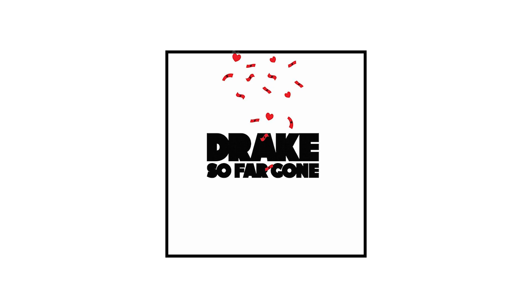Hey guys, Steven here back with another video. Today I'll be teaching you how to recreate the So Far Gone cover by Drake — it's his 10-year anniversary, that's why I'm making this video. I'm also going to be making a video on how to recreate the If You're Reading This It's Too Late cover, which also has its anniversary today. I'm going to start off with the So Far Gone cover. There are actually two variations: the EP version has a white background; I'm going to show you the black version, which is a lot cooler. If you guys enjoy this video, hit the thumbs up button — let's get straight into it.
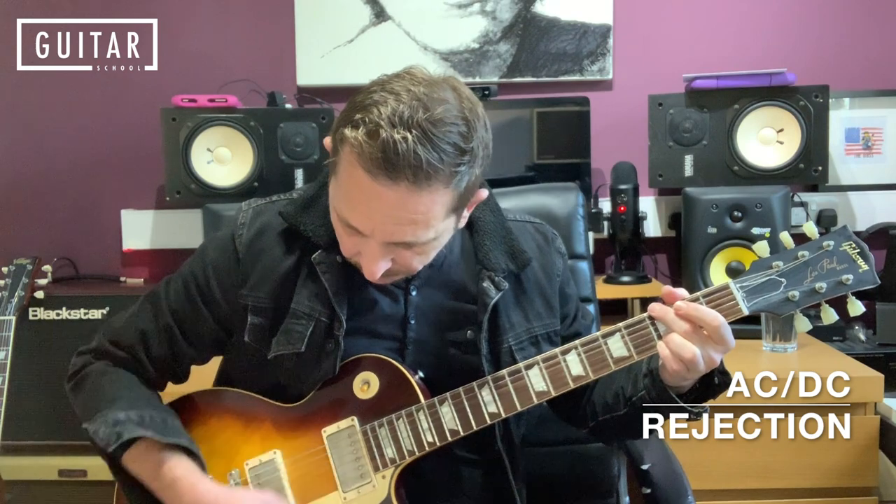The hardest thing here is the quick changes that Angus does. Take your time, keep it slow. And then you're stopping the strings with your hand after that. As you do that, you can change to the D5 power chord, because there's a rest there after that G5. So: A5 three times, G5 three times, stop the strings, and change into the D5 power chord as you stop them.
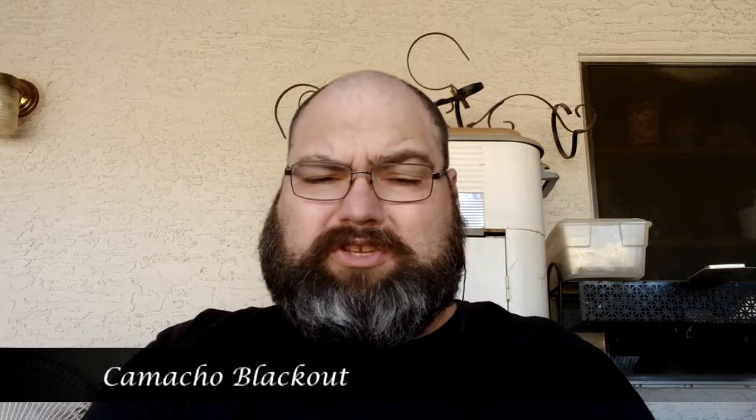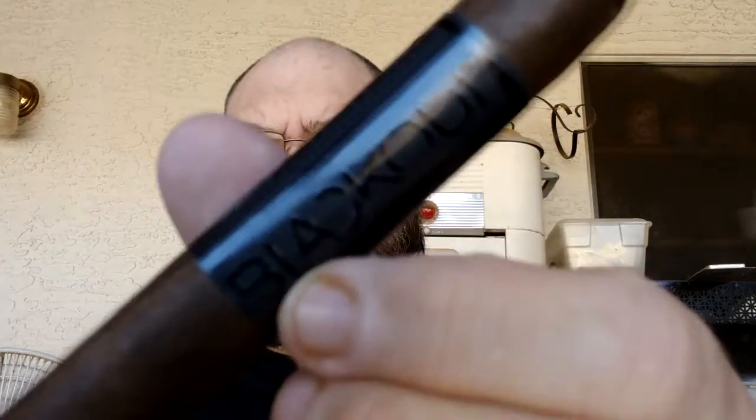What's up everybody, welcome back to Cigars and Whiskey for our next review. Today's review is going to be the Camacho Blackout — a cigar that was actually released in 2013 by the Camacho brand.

.....

■ Assignment: Write out the line that contains "The hardest thing" and every line after it to the end of the data, exactly as they stand. Omit the pictures.

■ Written solution:
The hardest thing here is the quick changes that Angus does. Take your time, keep it slow. And then you're stopping the strings with your hand after that. As you do that, you can change to the D5 power chord, because there's a rest there after that G5. So: A5 three times, G5 three times, stop the strings, and change into the D5 power chord as you stop them.
What's up everybody, welcome back to Cigars and Whiskey for our next review. Today's review is going to be the Camacho Blackout — a cigar that was actually released in 2013 by the Camacho brand.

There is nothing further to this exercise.